_WORK TO COMPLETE_: Go through the entries and transcribe each one exactly, dropping the pictures.

Content starts

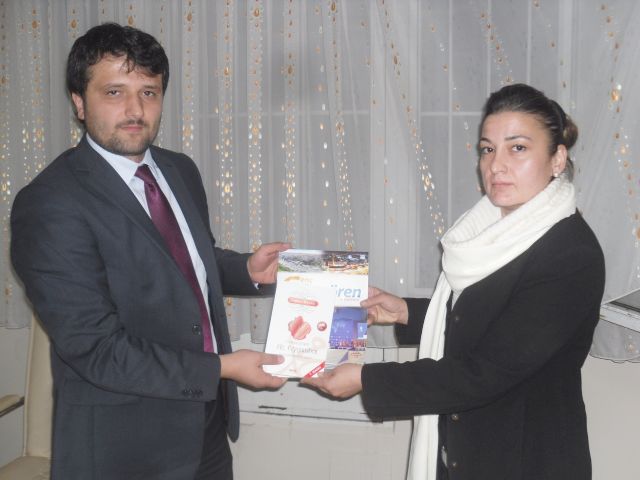 Ak Parti Gençlik Filiz Güllü'ye Kıymetli Hediyeler Verdi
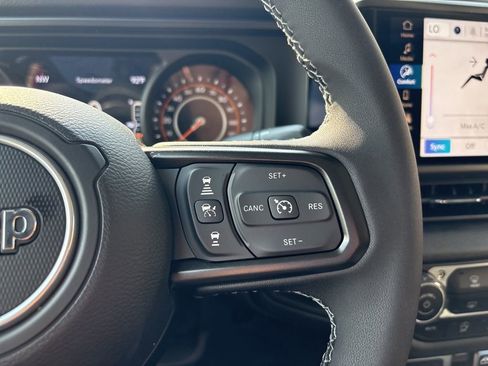 New 2025 Jeep Gladiator Willys image 22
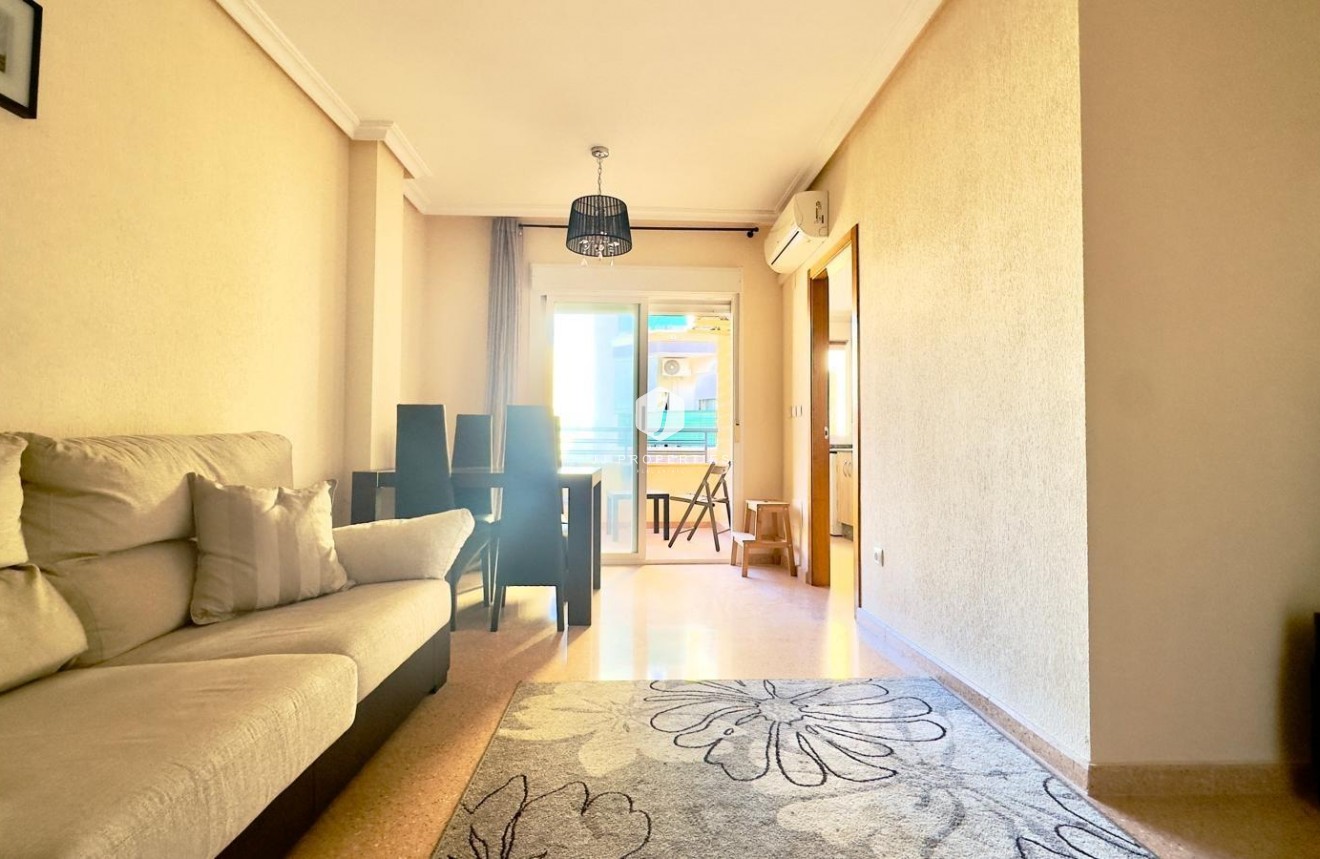 Tweedehands - Appartement / flat -
Torrevieja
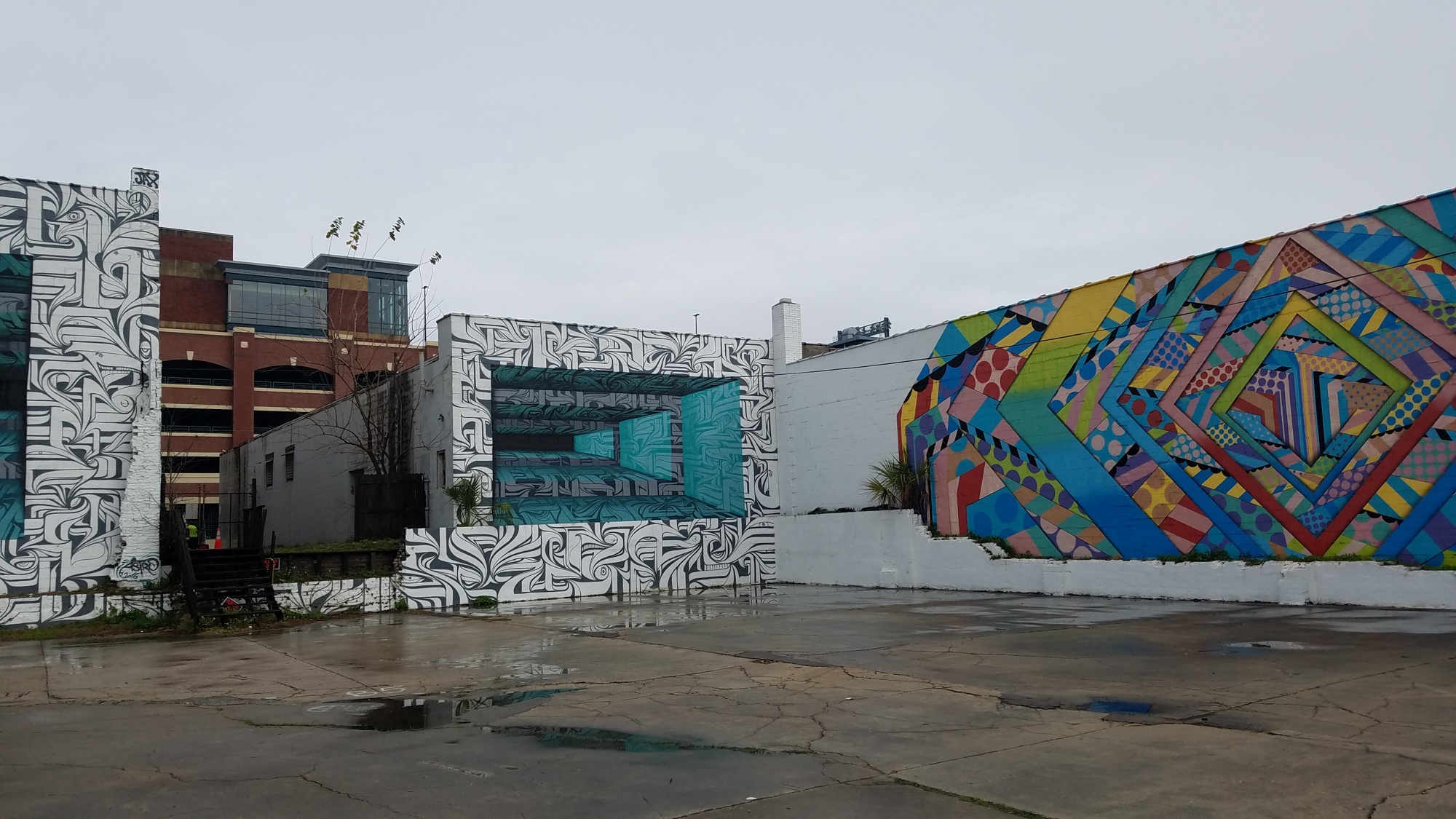 A mural covers the the southwest corner of the Doro Fixture Co. building.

Content ends

_SOLUTION TO THE PROBLEM_:
 Ak Parti Gençlik Filiz Güllü'ye Kıymetli Hediyeler Verdi
 New 2025 Jeep Gladiator Willys image 22
 Tweedehands - Appartement / flat -
Torrevieja
 A mural covers the the southwest corner of the Doro Fixture Co. building.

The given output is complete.